Across the U.S., the persistent presence of bronze Confederate monuments has been a flashpoint of numerous social and political movements. The state responses to uprisings concerning these contentious markers of historical, racial injustices are often noncommittal and obfuscate self-interests of city and state administrations. Wilson proposes that the actions surrounding the recent taking down of these monuments fall short of addressing the material inequalities that hinder meaningful structural change in society. While these removals are highly visible, the way they occur establishes a non-visible maintenance of continued existence, and by extension a continued status quo of systemic racism. Wilson’s billboards turn toward metallic infrastructural materials—specifically bronze and brass—as a starting point for thinking beyond a conciliatory politics of display and removal in our public discourse, as well as for re-thinking the terms of how societal change might be brought about. 

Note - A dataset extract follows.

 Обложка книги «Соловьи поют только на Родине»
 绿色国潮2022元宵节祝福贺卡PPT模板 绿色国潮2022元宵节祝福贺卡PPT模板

’til bronze flows through the streets challenges social complacency sustained by neoliberalism in a call for a more rigorous analysis of ideological language and mechanisms of communication. This project draws from the activities of the artistic and activist group the Situationist International (SI). From 1957-1972 the SI sought to re-contextualize sites of mass spectacle—be it in capitalist or political manifestations of advertising and propaganda—in order to expose and redirect the systems of spectacle itself. One means of this action—détournement—occurs in Wilson’s project, and as Guy Debord and Gil J. Wolman elaborate: 

“...in our view the premises for revolution, on the cultural as well as the strictly political level, are not only ripe, they have begun to rot...The mutual interference of two worlds of feeling, or the juxtaposition of two independent expressions, supersedes the original elements and produces a synthetic organization of greater efficacy...Détournement not only leads to the discovery of new aspects of talent; in addition, clashing head-on with all social and legal conventions, it cannot fail to be a powerful cultural weapon in the service of a real class struggle.” [1]

’til bronze flows through the streets recognizes billboards as quasi-public spaces of circulation and exchange, and reorients their advertising logic through tactical moments of ambiguity. In two billboards located on West Grace Street directly across from the Richmond Police Department headquarters, text compositions reference protest sloganeering while embedded in a number of design standards drawn from advertising, U.S. currency, and competitive awards. As text, the two phrases prompt viewers to visualize imagery that registers their own matrix of political and cultural associations. This highly charged billboard location and its direct texts are linked to a third image-based billboard, located next to a frequented bus stop near a bustling entry to the Church Hill neighborhood. The visceral image of molten metal pouring onto the sidewalk is a performance record and respectful remembrance to Wilson’s family history, and the history of prosperity of Black people and communities in Richmond. The site of the pour occurred in front of a former business run by a member of Wilson’s family in the Jackson Ward neighborhood—a historic epicenter of Black economy and Black life. 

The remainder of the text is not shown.